--- Given information Enclosed Below ---
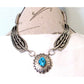 Vintage Navajo Sterling Silver Kingman Turquoise Necklace Navajo Pearls M. Begay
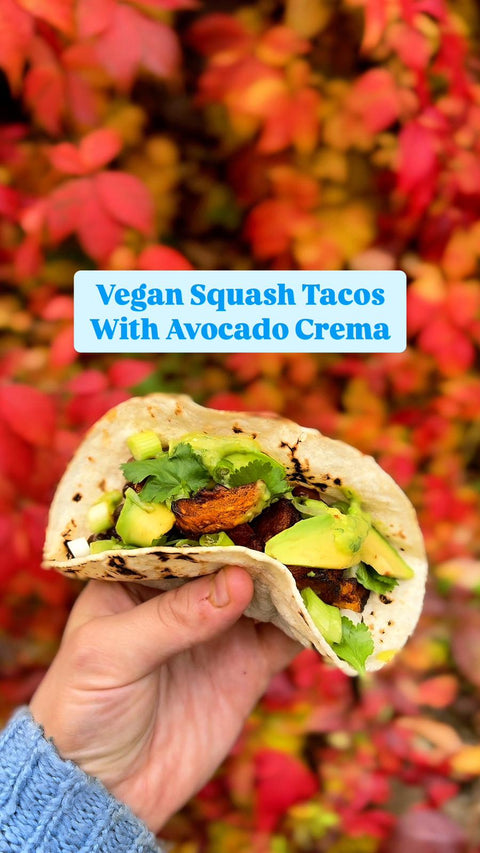 Vegan Squash Tacos With Avocado Crema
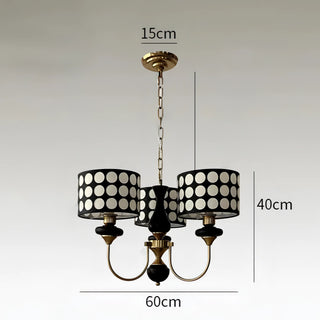 Onesimo - Abstract Polka Dot Black Gold Hanging Ceiling Light Chandelier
--- End of Enclosed Given information ---
* _What you need to do_: The whole listing is to be duplicated verbatim, apart from its images.

* _Problem solution_:
 Vintage Navajo Sterling Silver Kingman Turquoise Necklace Navajo Pearls M. Begay
 Vegan Squash Tacos With Avocado Crema
 Onesimo - Abstract Polka Dot Black Gold Hanging Ceiling Light Chandelier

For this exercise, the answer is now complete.